L'Abbuffata
Mimmo Calopresti, apprezzato regista per "Preferisco il rumore del mare", firma "L'abbuffata", pellicola che si diverte a giocare con il Cinema e i luoghi comuni del mal costume italiano.

Tre ragazzi calabresi senza né arte né parte decidono di girare un film. Cominciando da vaghe e confuse dichiarazioni rubate ai passanti, dopo qualche tempo trovano una storia sufficientemente interessante: quella di una loro zia che aspetta il ritorno al paese di un vecchio amore americano. Così, per realizzare il film, i tre decidono di partire per Roma alla ricerca di un uomo che possa, in qualche modo, avere le sembianze descritte dall'anziana signora...

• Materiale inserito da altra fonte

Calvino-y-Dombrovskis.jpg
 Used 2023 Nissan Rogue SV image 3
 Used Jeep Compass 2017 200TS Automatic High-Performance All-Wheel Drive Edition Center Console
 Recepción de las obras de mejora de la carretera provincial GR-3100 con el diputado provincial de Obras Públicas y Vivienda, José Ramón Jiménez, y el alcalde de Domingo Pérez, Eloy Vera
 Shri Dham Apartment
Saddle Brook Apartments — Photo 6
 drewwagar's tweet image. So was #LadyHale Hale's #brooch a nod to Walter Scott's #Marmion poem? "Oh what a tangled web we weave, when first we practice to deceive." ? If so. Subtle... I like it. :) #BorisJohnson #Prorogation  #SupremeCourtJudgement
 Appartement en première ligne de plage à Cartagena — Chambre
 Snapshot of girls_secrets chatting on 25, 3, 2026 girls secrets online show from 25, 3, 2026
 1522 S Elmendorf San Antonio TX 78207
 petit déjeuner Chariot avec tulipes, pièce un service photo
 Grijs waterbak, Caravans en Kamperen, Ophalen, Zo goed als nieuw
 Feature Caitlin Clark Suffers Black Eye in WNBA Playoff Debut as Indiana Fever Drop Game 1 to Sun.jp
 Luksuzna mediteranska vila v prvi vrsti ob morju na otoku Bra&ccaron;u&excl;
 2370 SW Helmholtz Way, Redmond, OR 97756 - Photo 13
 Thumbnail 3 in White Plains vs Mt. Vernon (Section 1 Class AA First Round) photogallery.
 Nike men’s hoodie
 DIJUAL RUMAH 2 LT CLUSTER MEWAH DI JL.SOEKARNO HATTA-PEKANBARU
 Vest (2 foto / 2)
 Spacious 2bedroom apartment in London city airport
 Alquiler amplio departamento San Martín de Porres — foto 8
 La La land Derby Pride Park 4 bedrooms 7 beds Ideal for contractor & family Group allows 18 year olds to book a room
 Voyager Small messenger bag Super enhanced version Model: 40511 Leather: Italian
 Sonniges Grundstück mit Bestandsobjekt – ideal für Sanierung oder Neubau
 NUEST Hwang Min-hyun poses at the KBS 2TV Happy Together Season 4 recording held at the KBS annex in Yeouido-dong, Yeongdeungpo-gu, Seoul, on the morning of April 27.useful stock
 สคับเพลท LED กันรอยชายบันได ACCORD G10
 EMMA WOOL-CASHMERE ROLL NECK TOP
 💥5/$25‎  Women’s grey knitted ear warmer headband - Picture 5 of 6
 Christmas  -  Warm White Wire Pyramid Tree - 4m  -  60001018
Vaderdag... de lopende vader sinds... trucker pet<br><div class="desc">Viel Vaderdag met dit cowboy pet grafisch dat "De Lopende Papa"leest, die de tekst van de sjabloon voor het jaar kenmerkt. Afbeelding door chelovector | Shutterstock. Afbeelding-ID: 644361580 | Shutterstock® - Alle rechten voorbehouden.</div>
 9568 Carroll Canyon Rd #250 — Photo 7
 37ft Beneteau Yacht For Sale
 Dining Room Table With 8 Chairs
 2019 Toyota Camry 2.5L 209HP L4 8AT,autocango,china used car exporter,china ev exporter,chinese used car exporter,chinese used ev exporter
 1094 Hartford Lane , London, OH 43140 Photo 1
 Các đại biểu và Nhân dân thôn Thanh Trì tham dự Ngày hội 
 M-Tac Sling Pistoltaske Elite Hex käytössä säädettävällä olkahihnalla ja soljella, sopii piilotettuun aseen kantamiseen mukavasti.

Pellicola sciatta, debole sul piano della trama, e dalla sceneggiatura talmente fragile da apparire risibile. Calopresti tenta un esperimento davvero interessante, un film nel film, ma con risultati pessimi.
Che sia un film poco convincente si capisce dai primi minuti in cui vediamo Diego Abatantuono interpretare il ruolo di un vecchio regista in declino che disquisisce, senza alcuna ragione, su Ulisse e Omero.
Si prosegue poi con immagini confuse riprese dalla telecamera a mano usata dai tre ragazzi, che riescono bene nel rispecchiare una gioventù che non ha nulla da dire al mondo, e che cercano invano, e senza metodo, una qualunque ispirazione per il loro film. Si arriva dunque, dopo un'altra “dose” di dialoghi aventi come tema "...quanto era bello il Cinema di Mastroianni e Rossellini", al viaggio dei tre a Roma. Il massimo della nausea si avverte quando compare Flavia Vento sullo schermo, e subito dopo, quando Calopresti ci mostra un finto reality che altro non vuole che ricordarci quanto la nostra televisione sia sciocca. Ma non basta, e il regista confida che abbiate ancora un poco di energia per ammirare Gerard Depardieu giungere in Calabria, partecipare ad un cenone in suo onore, e morire davanti la televisione che trasmette Bruno Vespa. Nel frattempo noi invece, abbiamo già digerito un insostenibile Nino Frassica nel ruolo "serio" di un professore di inglese, e una storia d'amore da fotoromanzo. Calamità.
Si finisce per ridere, ma per non piangere di fronte l'ennesima pellicola che non serviva al cinema italiano. Una inutile riproposta di luoghi comuni che, al contrario del signor Calopresti, noi crediamo non appartenere più né all’Italia, né al cinema italiano. Forse è il caso di dire basta a queste pellicole. Davvero.
Il film “L’abbuffata” sarà pure ironico, col beneficio del dubbio, ma risulta soprattutto pretestuoso e profondamente privo di ispirazione.
In una parola: insignificante.

La frase: "...Ma ‘o dobbiamo proprio fare usto film?...".